Chart 5 indicates some rise in opposition to a fully directly elected legislature. This rise may be due to dissatisfaction and frustration with continuing confrontation between the executive and legislature over reforms.
The "ultimate aim", according to the Basic Law, is that the Chief Executive and all Legco members will be chosen by universal suffrage. Toward that end, the Basic Law laid out a timetable of change from 1997 to 2007-08. After that, according to a nominal reading of the law, Hong Kong people themselves could decide how to achieve those aims for the legislature and, in consultation with the central government, for the chief executive. These were understood as key components of Deng Xiaoping's promises of a "high degree of autonomy" and "Hong Kong people ruling Hong Kong." Over time, these promises have become taken by the people as writ and, increasingly, as overdue. Dismayed by unfulfilled promises of reform and accountability under Tung's system, and heartened by results of massive street demonstrations and the elections of 2003 and 2004 that eventually drove the deeply distrusted Tung from office, Hong Kongers became increasingly impatient with delay.

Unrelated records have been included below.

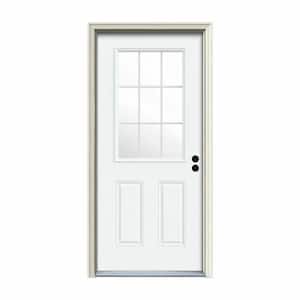 34 in. x 80 in. 9 Lite White Painted Steel Prehung Left-Hand Inswing Entry Door w/Brickmould
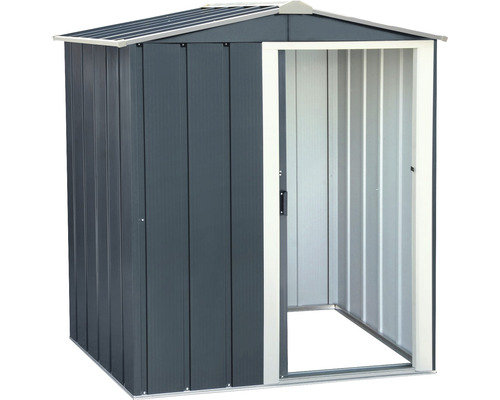 Metall Gerätehaus mit offener Tür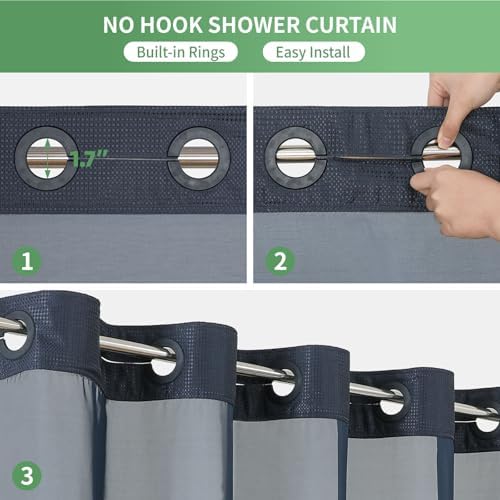 Eachope Stall No Hook Shower Curtain Set Navy Waffle Weave
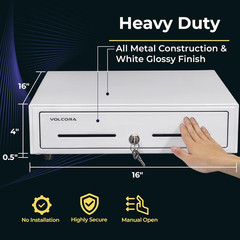 16″ Heavy Duty Cash Register Drawer for POS with Key Lock & Removable Till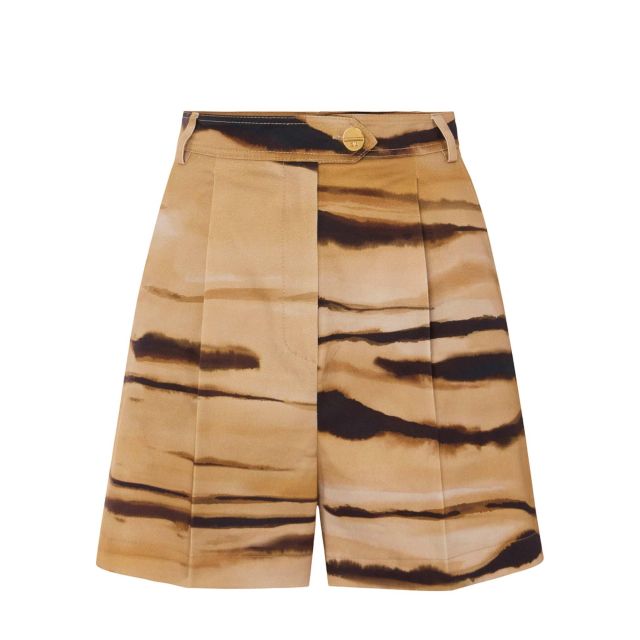 Elisabetta Franchi Γυναικείο Σορτς Drill shorts with tiger print SH01362E2 - 758199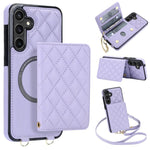 Portafoglio romboidale con custodia magnetica per telefono, tracolla e cinturino da polso, For Galaxy S23 FE 5G, For Galaxy S23 Ultra 5G, For Galaxy S23+ 5G, For Galaxy S23 5G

Incremental reforms which brought steps toward full direct elections and democratic citizenship seemed too small and infrequent.
The bottom line is that 57% support both direct election of the Chief Executive and of all members of the legislature, while only 8% oppose both in principle. Two thirds want both accomplished by 2012. The issue of when has become the stumbling block that may result in a constitutional crisis, the resolution of which will determine the international canary's fate and, with it, whether China will conform to or confront the international system of rule of law and human rights.
Confrontation may loom because a constitutional crisis appears imminent following the legislature's rejection of Tsang's modest reform proposals. As of this writing, some observers have been reassured by China's WTO entry and subsequent actions to open its markets, move toward a convertible currency, strengthen market regulatory regimes and crack down on intellectual property rights violators. Others worry that the shift of political power from former President Jiang Zemin's "third generation" to President Hu Jintao's "fourth generation" might see China go off the reform rails. Hopes that Hu would usher in political reform while continuing economic reform already have been dashed, while central government intervention in Hong Kong politics has raised fears China will drastically slow or quash Hong Kong's democratic development, despite Basic Law promises to the contrary. It is not clear whether China will honor rules that require protection of property rights and a fair, impartial adjudication of contractual disputes between local and international investors, plus the Basic Law commitments to implement full universal suffrage in Hong Kong. These crucial tests will determine whether China is moving to accept of an international system founded on the rule of law. Hong Kong, the canary in the coal mine, holds its breath.